WHAT TO DO:
From the first record through the last, copy each one exactly.

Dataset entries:
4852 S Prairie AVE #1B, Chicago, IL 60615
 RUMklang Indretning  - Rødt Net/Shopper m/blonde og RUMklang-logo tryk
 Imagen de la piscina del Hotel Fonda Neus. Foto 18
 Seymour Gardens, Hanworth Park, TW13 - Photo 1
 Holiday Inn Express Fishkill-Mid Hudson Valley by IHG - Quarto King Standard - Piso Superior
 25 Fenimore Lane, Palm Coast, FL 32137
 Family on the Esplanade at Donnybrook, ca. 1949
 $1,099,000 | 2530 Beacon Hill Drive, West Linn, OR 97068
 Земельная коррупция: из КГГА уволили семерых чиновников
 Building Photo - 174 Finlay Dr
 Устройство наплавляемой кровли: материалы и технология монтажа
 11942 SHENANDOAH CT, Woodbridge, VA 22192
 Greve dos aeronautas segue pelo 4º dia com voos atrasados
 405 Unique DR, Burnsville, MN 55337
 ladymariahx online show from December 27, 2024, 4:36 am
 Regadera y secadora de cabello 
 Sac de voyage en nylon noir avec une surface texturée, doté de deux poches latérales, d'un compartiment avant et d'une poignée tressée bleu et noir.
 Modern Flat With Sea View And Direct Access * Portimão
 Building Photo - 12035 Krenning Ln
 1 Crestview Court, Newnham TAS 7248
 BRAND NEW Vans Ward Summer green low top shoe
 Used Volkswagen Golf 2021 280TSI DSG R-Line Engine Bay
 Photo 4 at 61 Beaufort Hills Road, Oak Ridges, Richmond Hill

SOLUTION FOR THIS TASK:
4852 S Prairie AVE #1B, Chicago, IL 60615
 RUMklang Indretning  - Rødt Net/Shopper m/blonde og RUMklang-logo tryk
 Imagen de la piscina del Hotel Fonda Neus. Foto 18
 Seymour Gardens, Hanworth Park, TW13 - Photo 1
 Holiday Inn Express Fishkill-Mid Hudson Valley by IHG - Quarto King Standard - Piso Superior
 25 Fenimore Lane, Palm Coast, FL 32137
 Family on the Esplanade at Donnybrook, ca. 1949
 $1,099,000 | 2530 Beacon Hill Drive, West Linn, OR 97068
 Земельная коррупция: из КГГА уволили семерых чиновников
 Building Photo - 174 Finlay Dr
 Устройство наплавляемой кровли: материалы и технология монтажа
 11942 SHENANDOAH CT, Woodbridge, VA 22192
 Greve dos aeronautas segue pelo 4º dia com voos atrasados
 405 Unique DR, Burnsville, MN 55337
 ladymariahx online show from December 27, 2024, 4:36 am
 Regadera y secadora de cabello 
 Sac de voyage en nylon noir avec une surface texturée, doté de deux poches latérales, d'un compartiment avant et d'une poignée tressée bleu et noir.
 Modern Flat With Sea View And Direct Access * Portimão
 Building Photo - 12035 Krenning Ln
 1 Crestview Court, Newnham TAS 7248
 BRAND NEW Vans Ward Summer green low top shoe
 Used Volkswagen Golf 2021 280TSI DSG R-Line Engine Bay
 Photo 4 at 61 Beaufort Hills Road, Oak Ridges, Richmond Hill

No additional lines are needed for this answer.